More details of the new policies will appear over time, but environmentalists say the National Farmers' Union has already persuaded the government to water down its original intentions.
Farmers complained that the original hurdles to qualify for ELM grants were too high. So, the Department for Environment, Food and Rural Affairs has created what it calls the Sustainable Farming Incentive (SFI).
This will reward farmers for basic activities such as crop rotation, soil conservation and stopping chemicals polluting waterways.
Environmentalists say actions like this are normal good practice, and shouldn't always be funded by the taxpayer.
New tiers system
The SFI is the first tier of the new grants system.
Tier 2 is Local Nature Recovery, for actions such as creating, managing or restoring habitats, natural flood management and species management.
Tier 3 is Landscape Recovery, which will focus on landscape and ecosystem recovery. This will include creation of large forests, peatland restoration, or the creation and restoration of wetlands and salt marshes.
Ministers are launching an advisory booklet with a timetable of steps towards the end date for direct payments.
They’ll be offering help and advice to farmers. They will also offer grants, for instance, for farmers to manage livestock slurry more carefully – it’s a major cause of water pollution.
'Lack of detail'
Polluters will receive a warning letter instead of an automatic fine. But the government says it’ll target repeat offenders, and focus on sensitive areas.
Richard Benwell, from the green umbrella group Wildlife and Countryside Link, told the BBC: “It’s absolutely right to take a less bureaucratic approach on one-off minor breaches, but this should be accompanied by more consistent monitoring and enforcement of major or persistent breaches.
“Those words are in the government’s document, but a plan for actually delivering it is noticeably absent.” He said of the whole plan: “The overall impression here is an abiding lack of detail.”
NFU president Minette Batters said: “Farmers are up for a new world of carbon neutral food. We need fewer inputs of pesticide and fertiliser and better animal health – but the incentives have to be there.
“There’s going to be real pain for lowland beef, upland beef, and sheep farmers. How much pain we don’t know until we’ve seen the details we’ve been waiting four years for.”
'Wreaked devastation'
Craig Bennett, from the Wildlife Trusts, criticised the announcement for what he called a lack of clarity and urgency.

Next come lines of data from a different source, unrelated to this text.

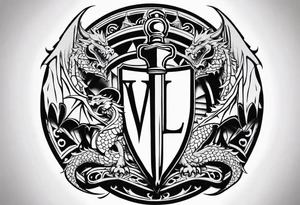 Valhalla sword shield dragon 
stairs tattoo idea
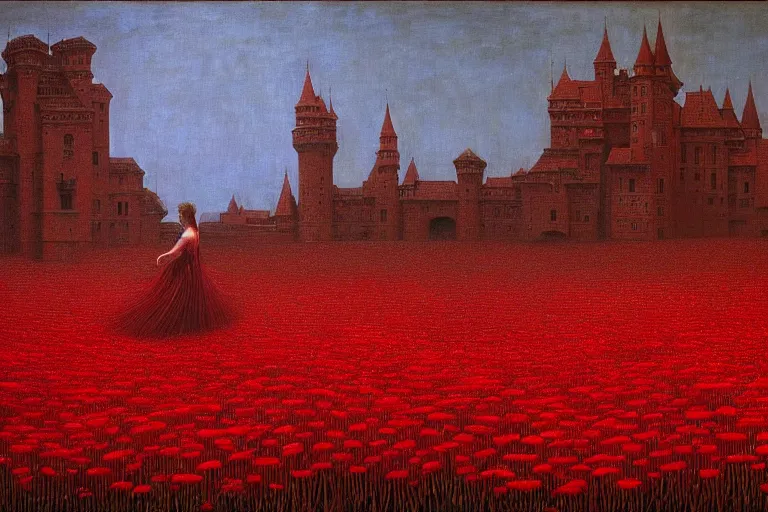 Image similar to only with red, red flowers of different types, a red tiger, a castle in the background, medieval demons dance over the flowers, an ancient path, in the style of beksinski, part by hopper, part by rodcenko, part by hofbauer, intricate composition, red by caravaggio, insanely quality, highly detailed, masterpiece, red light, artstation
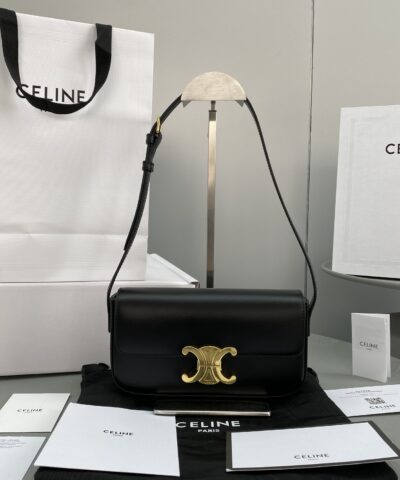 Celine Triomphe Shoulder Bag Black For Women 8in/20cm 194143BF4.38NO
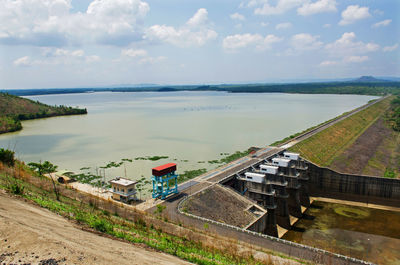 High angle view of river amidst field against sky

He said: "The [EU's] Common Agricultural Policy wreaked devastation on our wildlife whilst causing deep-seated issues in farming communities by affecting rents and production.
"We must not spend the next few years just talking; nature needs the help promised by this government and we cannot afford to waste any more time."

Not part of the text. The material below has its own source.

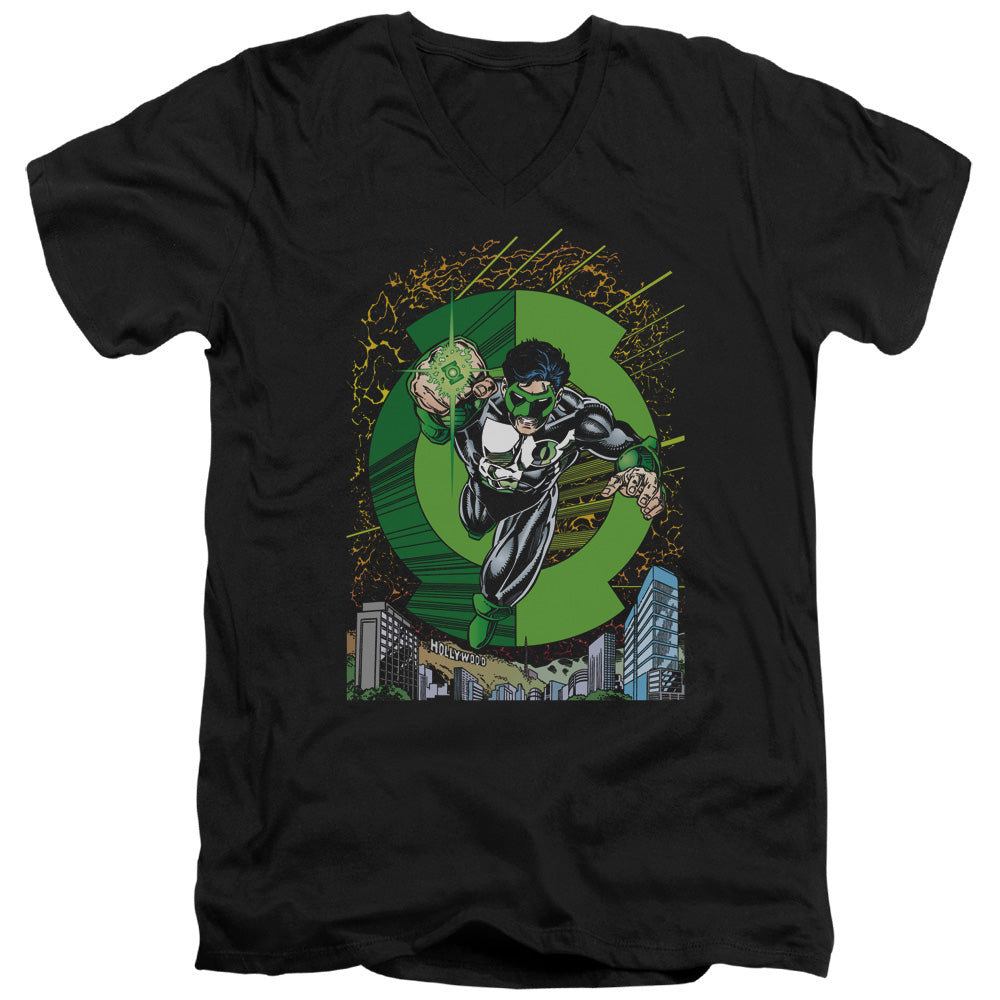 AN OFFCIALLY LICENSED GREEN LANTERN GL #51 COVER MEN'S V-NECK T-SHIRT BLACK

There’s a big disparity between government and NFU estimates of the likely impact from the changes on farmers.
Experts say some environmental solutions will be hard to define. Take soil: the government wants to conserve soil because it improves productivity and captures planet-heating carbon emissions.
But Prof Jane Rickson from Cranfield University asks: “What soil properties should be measured and monitored? Different soils will have naturally variable levels of soil carbon, irrespective of how they are managed.”

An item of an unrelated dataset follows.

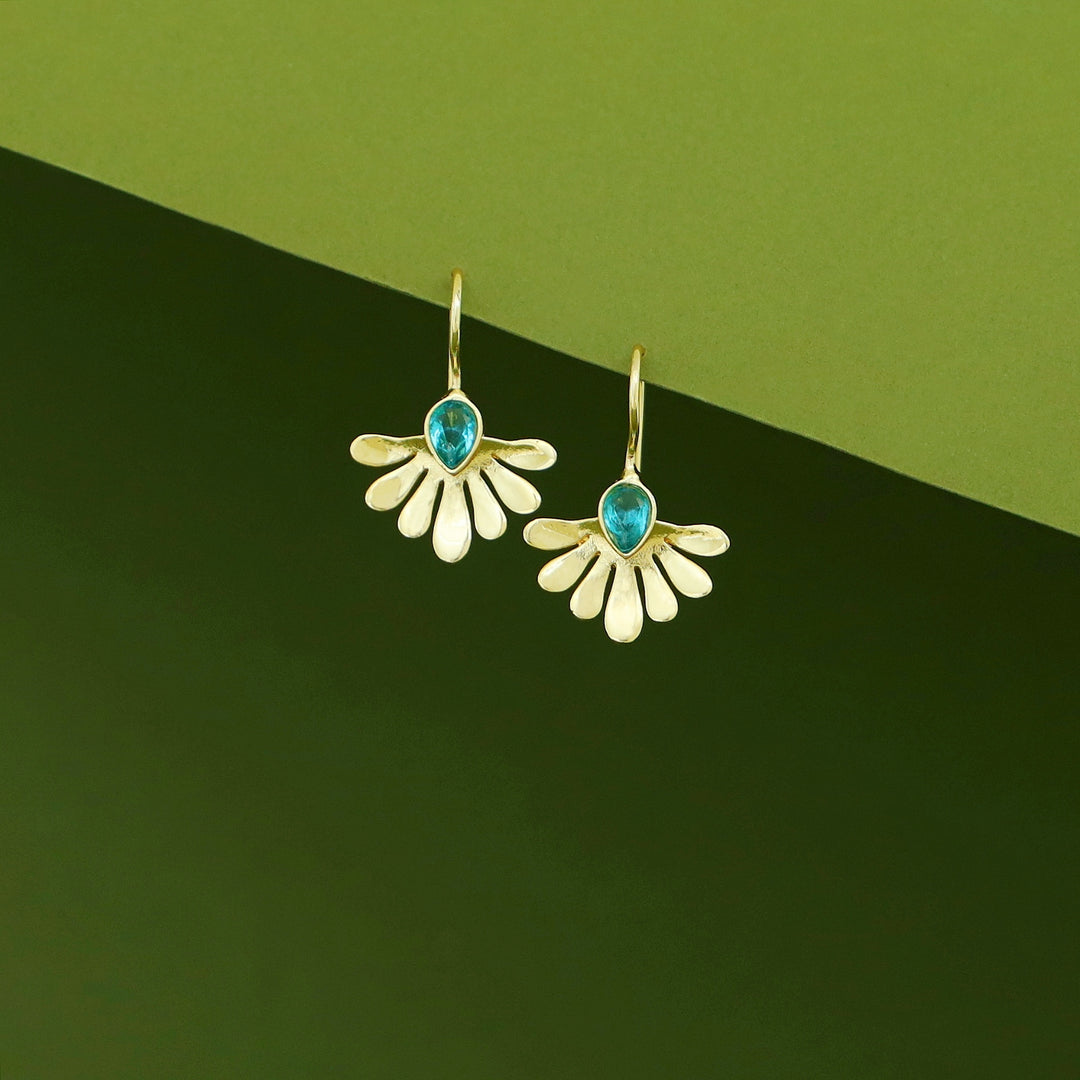 Rimina Golden Half Flower Glossy Stone Drop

Prof Rickson said an alternative approach is to ignore measurement of soil properties and reward farmers for farming in ways that typically improve soil carbon, such reduced ploughing, planting “cover crops” that hold soil together in winter, and grass buffer strips to catch soil running off fields in the rain.
Devolution questions
The government has accepted that the great farm transition is very much a work in progress – and details will follow on the road to the revolution in 2028.
The changes apply to England only. Devolved administrations in Wales, Scotland and Northern Ireland are devising their own plans.
Scotland, for instance, may keep some direct payments to farmers in case Scotland becomes independent and is admitted to the EU.
This may cause confusion and resentment in border country.